Não me tomem por redutora, mas esses tipos de acontecimentos são apenas isso - acontecimentos. Meras situações. O ser humano, como ser em constante mutação, ultrapassa eventualmente todo o sofrimento - chamemos-lhe "sofrimento de impacto" - destas situações adversas. Cada um com ritmos e rituais próprios, mas passam sempre à frente.
Contudo, há um outro tipo de sofrimento. O "sofrimento latente", que tem por objetivo testar o ser humano, de forma constante. Testando os seus limites. Funciona como "ruído branco", o qual passa, quase sempre, despercebido; mas que não tem intenções de partir e, portanto, torna-se inerente ao homem, agarrando-se à sua alma e sugando as suas energias, quando vem ao de cima - à memória consciente.
Talvez seja este sofrimento latente aquele que leva à depressão, a problemas de ansiedade e a comportamentos obsessivo-compulsivos.
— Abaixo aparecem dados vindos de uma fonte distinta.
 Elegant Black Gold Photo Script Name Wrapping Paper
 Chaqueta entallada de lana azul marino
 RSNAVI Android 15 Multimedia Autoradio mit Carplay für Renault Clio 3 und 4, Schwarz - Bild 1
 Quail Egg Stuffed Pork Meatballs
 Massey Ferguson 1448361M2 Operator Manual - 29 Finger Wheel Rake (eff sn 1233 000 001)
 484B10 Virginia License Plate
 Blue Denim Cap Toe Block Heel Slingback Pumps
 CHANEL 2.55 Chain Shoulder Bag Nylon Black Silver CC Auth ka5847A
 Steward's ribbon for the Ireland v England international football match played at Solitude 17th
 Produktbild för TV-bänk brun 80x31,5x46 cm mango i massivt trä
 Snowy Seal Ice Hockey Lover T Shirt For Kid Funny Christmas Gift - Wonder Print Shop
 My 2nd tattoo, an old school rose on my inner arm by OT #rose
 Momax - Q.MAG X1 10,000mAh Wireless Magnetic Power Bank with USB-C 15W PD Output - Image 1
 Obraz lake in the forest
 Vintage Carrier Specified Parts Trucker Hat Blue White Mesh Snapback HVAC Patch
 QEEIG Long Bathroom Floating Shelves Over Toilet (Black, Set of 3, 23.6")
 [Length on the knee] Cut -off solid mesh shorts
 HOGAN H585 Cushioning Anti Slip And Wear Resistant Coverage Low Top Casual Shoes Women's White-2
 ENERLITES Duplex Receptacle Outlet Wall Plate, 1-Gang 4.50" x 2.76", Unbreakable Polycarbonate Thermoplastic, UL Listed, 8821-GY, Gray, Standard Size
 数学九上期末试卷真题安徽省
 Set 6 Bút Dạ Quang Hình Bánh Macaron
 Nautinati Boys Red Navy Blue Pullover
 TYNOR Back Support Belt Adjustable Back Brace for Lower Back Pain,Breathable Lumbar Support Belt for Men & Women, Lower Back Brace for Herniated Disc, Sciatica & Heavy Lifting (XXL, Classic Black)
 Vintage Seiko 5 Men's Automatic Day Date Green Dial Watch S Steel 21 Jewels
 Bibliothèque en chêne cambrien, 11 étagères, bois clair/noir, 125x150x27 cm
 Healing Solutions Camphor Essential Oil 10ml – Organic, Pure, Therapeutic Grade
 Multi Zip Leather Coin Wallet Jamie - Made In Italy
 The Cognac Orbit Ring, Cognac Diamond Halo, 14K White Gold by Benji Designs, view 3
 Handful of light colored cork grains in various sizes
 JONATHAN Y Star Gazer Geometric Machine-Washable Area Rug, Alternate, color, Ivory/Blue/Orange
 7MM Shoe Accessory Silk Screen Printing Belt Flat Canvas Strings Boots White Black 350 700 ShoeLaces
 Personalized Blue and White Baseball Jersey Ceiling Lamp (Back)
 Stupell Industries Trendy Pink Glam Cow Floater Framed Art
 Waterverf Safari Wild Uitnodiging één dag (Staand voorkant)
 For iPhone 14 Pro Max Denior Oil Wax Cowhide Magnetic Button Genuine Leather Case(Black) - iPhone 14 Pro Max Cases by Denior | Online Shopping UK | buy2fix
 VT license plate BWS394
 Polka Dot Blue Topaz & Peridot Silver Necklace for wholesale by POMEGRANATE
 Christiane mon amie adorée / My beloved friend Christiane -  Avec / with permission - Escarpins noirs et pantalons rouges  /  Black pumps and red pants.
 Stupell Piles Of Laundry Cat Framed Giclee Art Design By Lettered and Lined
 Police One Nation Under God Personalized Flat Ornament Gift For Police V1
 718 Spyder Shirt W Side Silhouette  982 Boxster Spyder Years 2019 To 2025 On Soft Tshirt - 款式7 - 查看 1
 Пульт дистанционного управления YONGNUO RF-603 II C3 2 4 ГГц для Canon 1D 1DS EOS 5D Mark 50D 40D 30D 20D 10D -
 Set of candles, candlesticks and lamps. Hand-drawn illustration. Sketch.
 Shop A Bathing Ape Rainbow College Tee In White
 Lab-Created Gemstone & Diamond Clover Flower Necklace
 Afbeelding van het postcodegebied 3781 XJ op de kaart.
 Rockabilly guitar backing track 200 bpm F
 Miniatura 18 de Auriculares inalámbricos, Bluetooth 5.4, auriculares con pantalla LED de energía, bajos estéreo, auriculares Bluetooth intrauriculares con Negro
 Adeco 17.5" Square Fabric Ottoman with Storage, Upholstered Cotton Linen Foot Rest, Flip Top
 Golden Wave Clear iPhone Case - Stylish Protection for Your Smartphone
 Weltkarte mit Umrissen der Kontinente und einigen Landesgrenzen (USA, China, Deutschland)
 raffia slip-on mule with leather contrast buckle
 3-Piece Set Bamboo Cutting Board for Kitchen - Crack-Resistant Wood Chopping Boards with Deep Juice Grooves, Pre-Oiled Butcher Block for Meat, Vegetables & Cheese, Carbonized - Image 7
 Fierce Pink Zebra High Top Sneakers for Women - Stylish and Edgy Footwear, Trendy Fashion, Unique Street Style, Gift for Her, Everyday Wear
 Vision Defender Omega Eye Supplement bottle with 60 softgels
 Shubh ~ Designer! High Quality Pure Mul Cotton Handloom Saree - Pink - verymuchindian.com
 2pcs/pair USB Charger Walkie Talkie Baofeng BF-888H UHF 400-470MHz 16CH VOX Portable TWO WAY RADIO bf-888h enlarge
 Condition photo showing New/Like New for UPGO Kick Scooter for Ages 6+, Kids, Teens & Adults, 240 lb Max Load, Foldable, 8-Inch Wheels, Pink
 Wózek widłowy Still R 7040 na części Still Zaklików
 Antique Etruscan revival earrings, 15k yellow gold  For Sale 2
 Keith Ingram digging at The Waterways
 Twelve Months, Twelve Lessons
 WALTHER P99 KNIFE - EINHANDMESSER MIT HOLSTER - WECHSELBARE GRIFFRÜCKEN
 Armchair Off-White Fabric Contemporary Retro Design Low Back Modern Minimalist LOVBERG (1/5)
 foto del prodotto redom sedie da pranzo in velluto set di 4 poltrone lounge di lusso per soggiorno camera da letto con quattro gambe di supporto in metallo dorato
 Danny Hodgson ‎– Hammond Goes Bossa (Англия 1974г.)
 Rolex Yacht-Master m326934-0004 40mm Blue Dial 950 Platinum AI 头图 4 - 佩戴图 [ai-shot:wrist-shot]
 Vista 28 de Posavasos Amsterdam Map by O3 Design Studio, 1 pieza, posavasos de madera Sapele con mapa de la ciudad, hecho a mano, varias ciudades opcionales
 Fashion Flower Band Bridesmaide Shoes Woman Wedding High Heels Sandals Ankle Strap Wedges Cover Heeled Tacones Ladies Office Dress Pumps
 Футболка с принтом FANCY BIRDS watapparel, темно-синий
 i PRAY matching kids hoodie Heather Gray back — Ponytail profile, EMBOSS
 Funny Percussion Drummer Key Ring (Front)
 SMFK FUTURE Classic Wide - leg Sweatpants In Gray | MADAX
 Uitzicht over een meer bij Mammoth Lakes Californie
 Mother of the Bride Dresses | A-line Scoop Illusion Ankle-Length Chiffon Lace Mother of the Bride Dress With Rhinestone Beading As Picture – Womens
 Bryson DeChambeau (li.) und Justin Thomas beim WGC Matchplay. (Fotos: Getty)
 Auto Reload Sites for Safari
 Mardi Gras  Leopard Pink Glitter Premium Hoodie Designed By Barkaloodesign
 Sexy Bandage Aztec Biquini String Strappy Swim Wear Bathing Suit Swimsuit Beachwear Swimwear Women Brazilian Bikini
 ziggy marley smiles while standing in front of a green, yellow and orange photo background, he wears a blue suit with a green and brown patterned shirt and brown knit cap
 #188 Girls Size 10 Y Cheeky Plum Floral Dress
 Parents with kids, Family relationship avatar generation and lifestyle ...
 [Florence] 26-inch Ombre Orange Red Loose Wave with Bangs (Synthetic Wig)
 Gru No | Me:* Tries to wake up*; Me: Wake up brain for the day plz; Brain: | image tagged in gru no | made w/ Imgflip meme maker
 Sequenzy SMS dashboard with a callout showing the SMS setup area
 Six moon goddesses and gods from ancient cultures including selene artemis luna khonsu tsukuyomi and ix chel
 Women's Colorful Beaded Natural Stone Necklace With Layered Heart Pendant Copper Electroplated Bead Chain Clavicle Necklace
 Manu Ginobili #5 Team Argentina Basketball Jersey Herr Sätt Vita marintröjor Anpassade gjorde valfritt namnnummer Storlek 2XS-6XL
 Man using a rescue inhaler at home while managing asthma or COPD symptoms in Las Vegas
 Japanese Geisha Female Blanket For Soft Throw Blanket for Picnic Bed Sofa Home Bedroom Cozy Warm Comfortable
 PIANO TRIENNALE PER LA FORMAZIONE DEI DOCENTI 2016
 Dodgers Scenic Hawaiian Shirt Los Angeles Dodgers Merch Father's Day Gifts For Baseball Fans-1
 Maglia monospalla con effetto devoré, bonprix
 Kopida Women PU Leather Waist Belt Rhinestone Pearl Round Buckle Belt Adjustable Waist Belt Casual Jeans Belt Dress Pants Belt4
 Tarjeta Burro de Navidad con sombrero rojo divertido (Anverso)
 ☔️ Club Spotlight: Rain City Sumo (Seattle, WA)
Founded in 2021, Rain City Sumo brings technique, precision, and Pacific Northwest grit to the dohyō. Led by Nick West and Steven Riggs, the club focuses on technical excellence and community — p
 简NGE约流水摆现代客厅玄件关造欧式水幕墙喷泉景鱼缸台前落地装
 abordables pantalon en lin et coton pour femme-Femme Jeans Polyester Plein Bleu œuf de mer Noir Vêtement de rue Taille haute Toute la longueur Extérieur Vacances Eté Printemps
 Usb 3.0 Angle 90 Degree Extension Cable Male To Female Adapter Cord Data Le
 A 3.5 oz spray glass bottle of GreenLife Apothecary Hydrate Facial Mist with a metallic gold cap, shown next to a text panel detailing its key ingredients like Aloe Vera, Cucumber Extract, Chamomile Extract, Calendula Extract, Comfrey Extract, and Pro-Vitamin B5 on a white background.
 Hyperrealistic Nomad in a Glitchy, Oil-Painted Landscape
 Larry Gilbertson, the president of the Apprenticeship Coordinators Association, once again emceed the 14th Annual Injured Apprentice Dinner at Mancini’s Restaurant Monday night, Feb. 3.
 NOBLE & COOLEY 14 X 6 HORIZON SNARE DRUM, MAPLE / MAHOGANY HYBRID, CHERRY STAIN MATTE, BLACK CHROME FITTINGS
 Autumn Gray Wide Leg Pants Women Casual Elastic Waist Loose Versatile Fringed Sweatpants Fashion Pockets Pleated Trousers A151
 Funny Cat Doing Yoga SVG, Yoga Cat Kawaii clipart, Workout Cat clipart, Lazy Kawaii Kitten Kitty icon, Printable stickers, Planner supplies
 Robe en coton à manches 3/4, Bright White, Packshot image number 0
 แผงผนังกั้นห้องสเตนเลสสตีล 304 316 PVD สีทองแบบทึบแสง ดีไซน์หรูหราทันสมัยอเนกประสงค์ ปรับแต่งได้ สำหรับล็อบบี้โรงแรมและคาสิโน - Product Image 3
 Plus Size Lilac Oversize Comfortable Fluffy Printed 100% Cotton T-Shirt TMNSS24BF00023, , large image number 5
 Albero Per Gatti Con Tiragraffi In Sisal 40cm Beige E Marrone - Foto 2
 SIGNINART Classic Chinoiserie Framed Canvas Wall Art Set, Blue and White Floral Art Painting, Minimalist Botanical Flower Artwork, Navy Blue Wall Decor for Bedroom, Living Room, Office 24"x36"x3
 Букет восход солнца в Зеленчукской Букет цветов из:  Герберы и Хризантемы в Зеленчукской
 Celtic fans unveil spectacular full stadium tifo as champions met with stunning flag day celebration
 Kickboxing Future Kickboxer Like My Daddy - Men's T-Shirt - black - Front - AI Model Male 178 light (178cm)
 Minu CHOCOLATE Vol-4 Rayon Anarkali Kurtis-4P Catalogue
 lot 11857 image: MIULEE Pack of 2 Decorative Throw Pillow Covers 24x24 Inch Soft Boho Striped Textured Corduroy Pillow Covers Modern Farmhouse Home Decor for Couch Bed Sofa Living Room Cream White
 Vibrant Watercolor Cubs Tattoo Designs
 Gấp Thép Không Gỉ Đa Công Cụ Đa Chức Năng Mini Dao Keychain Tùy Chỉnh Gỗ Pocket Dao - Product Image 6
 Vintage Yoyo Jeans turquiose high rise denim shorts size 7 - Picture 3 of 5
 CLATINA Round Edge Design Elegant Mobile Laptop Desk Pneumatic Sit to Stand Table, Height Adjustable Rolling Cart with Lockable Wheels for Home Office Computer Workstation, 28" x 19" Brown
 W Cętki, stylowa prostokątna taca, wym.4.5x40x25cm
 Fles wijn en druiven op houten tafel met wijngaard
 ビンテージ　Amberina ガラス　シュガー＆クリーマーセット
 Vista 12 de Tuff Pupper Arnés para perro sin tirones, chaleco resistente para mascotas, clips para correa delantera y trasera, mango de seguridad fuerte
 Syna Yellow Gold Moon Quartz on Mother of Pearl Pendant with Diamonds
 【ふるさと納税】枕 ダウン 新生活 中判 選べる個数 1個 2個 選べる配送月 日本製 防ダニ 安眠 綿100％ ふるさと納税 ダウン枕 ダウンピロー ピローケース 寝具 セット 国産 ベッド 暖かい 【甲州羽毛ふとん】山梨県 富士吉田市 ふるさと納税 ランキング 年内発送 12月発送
O homem não consegue simplesmente afastar-se dele. Passar por cima. E não porque está cansado, e muito menos porque não quer, mas sim porque não há absolutamente nada que ele possa fazer para alterar este paradigma no qual ele habita. Pode, claro, tentar ser feliz - e pode realmente chegar a sê-lo, momentaneamente. No entanto, há sempre esta nuvem carregada, pesada, a pairar sobre si. Mas é precisamente por viver esta felicidade momentânea, que este tipo de pessoa é a mais puramente feliz.
Então, ela não deixa de ser feliz, mas sente-se ansiosa, uma ansiedade atenta e alerta que olha constantemente para trás quando vai na rua.
Então há a consciência de que algo não está bem e, mesmo que essa pessoa durma esta noite essa nuvem vai lá continuar.
A pior merda, portanto, não é fazer merda, bater com a cabeça na parede. A pior merda é mesmo não poder fazer merda nenhuma perante uma situação de merda.
Talvez cada ser humano sofra um bocadinho deste sofrimento latente, daí haver, por vezes, nós presos nas gargantas, quase como manápulas, prestes a sufocarem-nos a qualquer momento, à espera que demos sinal. Repara: nem sabes bem o porquê de eles estarem lá, mas estão.
E talvez - mas só talvez - a única solução para o sofrimento latente seja morrer. Ou matar.

Ou tirar partido de cada momentânea felicidade, sentir todos esses momentos como se os próprios formassem novos constituintes do nosso corpo.
Tentar agarrá-los à medida que eles se evaporam.
Resignarmo-mos à sua partida mas sempre conscientes que, brevemente, essa felicidade voltará a arrebatar-nos, tornando-se outra vez parte da nossa própria matéria orgânica. Ou não (?)